=== Provided material ===

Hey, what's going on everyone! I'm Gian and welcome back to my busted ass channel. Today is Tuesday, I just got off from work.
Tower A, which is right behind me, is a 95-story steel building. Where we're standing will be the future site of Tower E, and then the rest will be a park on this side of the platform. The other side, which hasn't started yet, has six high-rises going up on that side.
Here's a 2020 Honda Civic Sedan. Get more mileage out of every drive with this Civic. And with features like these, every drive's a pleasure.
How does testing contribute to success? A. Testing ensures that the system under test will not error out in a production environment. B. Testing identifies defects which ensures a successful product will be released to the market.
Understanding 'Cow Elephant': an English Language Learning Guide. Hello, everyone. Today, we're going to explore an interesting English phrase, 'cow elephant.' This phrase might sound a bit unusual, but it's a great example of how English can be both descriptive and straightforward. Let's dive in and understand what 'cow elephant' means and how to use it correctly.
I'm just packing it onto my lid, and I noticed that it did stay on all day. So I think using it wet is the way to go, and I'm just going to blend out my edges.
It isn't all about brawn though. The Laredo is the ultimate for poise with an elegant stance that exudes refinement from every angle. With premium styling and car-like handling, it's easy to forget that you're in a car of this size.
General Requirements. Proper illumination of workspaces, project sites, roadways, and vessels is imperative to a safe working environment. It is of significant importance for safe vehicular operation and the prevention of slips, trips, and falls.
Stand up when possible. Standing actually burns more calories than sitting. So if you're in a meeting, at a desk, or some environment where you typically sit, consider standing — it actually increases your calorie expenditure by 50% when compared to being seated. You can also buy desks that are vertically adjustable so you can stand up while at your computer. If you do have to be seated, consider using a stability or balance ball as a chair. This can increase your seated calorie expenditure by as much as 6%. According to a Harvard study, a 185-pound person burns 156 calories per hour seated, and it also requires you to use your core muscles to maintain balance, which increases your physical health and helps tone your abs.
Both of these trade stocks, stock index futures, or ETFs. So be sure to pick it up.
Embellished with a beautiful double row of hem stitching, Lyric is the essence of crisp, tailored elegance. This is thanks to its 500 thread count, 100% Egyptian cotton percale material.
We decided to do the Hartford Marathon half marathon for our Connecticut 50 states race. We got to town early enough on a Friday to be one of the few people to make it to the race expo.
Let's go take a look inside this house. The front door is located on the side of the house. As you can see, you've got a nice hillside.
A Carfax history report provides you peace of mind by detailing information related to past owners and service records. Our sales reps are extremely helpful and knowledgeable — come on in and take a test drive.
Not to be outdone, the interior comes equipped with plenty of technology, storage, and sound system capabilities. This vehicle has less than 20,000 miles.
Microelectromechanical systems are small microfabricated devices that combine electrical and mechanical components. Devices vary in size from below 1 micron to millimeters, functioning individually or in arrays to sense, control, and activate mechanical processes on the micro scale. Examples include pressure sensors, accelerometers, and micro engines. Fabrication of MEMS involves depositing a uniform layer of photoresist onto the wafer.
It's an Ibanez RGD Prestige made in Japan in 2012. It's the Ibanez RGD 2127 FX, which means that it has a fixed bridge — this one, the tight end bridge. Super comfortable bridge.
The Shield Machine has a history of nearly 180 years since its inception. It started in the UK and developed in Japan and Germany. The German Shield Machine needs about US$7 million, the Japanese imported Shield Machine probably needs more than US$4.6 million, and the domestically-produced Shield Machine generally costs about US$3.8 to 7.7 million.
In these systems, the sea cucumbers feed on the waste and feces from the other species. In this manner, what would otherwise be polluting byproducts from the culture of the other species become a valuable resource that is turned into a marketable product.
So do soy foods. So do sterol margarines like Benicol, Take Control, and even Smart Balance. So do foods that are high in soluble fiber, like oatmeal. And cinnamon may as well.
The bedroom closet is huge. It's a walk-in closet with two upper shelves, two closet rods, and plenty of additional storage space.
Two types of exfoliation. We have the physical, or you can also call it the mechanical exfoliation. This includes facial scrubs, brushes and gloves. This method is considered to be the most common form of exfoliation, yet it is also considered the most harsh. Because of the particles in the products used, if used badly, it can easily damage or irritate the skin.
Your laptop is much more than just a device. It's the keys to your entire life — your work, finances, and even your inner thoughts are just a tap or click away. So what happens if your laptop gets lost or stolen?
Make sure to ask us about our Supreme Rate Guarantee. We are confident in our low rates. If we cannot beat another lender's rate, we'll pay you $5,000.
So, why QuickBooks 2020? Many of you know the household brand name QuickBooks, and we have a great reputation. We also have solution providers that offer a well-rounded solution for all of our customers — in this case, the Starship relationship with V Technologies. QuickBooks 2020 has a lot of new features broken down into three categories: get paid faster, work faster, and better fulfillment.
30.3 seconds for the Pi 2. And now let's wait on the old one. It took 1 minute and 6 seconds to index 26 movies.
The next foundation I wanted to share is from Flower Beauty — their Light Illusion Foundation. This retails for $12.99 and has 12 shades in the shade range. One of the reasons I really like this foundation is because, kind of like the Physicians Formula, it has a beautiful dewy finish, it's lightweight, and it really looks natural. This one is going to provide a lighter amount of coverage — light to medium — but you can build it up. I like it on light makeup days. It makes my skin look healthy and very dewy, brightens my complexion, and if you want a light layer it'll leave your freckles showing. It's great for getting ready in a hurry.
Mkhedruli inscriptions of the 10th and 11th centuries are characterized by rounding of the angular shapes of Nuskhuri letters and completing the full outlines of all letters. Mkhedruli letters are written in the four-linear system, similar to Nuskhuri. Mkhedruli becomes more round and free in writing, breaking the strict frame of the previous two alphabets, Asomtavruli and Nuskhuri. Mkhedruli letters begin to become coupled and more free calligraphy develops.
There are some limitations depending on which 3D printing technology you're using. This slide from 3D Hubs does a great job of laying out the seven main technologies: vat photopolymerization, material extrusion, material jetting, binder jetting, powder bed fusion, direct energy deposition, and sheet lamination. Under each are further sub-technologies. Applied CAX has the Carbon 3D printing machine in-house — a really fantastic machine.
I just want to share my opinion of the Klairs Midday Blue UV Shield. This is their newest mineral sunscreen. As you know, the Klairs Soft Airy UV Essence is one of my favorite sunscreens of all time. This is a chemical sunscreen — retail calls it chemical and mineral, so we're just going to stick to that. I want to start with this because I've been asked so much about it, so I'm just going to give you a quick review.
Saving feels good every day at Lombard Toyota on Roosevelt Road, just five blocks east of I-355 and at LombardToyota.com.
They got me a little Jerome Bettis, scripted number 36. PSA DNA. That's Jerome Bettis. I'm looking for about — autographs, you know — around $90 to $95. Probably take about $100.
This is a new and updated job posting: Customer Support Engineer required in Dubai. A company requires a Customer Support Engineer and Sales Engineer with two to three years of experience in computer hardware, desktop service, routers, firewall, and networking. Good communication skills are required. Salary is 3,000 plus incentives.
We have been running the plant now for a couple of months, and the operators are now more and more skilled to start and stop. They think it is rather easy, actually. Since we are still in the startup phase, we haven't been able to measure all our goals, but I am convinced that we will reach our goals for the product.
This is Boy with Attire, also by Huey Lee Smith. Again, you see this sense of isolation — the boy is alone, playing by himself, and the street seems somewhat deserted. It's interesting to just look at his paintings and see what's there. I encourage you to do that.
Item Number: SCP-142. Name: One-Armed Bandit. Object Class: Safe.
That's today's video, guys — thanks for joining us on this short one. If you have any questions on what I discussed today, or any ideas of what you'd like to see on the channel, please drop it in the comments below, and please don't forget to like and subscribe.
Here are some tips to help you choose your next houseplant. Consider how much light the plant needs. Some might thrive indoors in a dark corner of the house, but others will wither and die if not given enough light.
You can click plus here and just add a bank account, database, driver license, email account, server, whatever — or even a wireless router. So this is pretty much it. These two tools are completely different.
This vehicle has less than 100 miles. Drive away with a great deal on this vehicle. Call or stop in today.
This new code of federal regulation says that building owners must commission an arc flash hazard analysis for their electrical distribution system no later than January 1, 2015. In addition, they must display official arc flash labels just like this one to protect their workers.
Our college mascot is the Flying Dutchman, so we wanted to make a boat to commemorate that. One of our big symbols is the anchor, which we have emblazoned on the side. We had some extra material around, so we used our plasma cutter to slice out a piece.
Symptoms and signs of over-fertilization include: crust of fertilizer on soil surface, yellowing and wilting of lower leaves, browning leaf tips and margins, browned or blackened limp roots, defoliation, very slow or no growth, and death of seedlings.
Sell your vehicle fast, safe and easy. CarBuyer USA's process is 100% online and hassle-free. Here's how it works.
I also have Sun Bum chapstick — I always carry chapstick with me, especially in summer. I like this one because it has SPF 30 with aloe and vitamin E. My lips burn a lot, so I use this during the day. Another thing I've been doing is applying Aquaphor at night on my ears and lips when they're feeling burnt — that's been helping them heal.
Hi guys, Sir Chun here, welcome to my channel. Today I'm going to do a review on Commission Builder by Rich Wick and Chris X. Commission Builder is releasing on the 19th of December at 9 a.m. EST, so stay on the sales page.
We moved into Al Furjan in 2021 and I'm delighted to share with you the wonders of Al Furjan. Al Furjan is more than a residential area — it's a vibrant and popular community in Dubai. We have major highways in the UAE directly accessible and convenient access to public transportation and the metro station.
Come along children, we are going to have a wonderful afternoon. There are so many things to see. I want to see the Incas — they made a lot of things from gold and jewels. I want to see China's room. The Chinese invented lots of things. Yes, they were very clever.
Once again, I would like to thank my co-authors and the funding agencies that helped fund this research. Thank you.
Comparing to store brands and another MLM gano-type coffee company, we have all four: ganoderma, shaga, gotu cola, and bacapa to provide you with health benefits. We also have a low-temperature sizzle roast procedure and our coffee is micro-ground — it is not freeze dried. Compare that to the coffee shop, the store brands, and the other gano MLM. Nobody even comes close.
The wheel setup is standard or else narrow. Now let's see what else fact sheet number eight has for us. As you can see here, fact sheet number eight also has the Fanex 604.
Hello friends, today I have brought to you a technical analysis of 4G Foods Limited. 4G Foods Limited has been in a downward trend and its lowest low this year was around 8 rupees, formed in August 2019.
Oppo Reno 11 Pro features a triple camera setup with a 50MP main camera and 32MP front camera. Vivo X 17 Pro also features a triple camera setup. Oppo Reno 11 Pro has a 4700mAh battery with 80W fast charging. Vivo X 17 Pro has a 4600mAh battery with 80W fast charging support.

===

> **Exercise objective**:
Extract, please, the lines from the start of the entries above through the one with "How does testing", both included, reproducing each exactly and adding nothing.

> **Solution to this problem**:
Hey, what's going on everyone! I'm Gian and welcome back to my busted ass channel. Today is Tuesday, I just got off from work.
Tower A, which is right behind me, is a 95-story steel building. Where we're standing will be the future site of Tower E, and then the rest will be a park on this side of the platform. The other side, which hasn't started yet, has six high-rises going up on that side.
Here's a 2020 Honda Civic Sedan. Get more mileage out of every drive with this Civic. And with features like these, every drive's a pleasure.
How does testing contribute to success? A. Testing ensures that the system under test will not error out in a production environment. B. Testing identifies defects which ensures a successful product will be released to the market.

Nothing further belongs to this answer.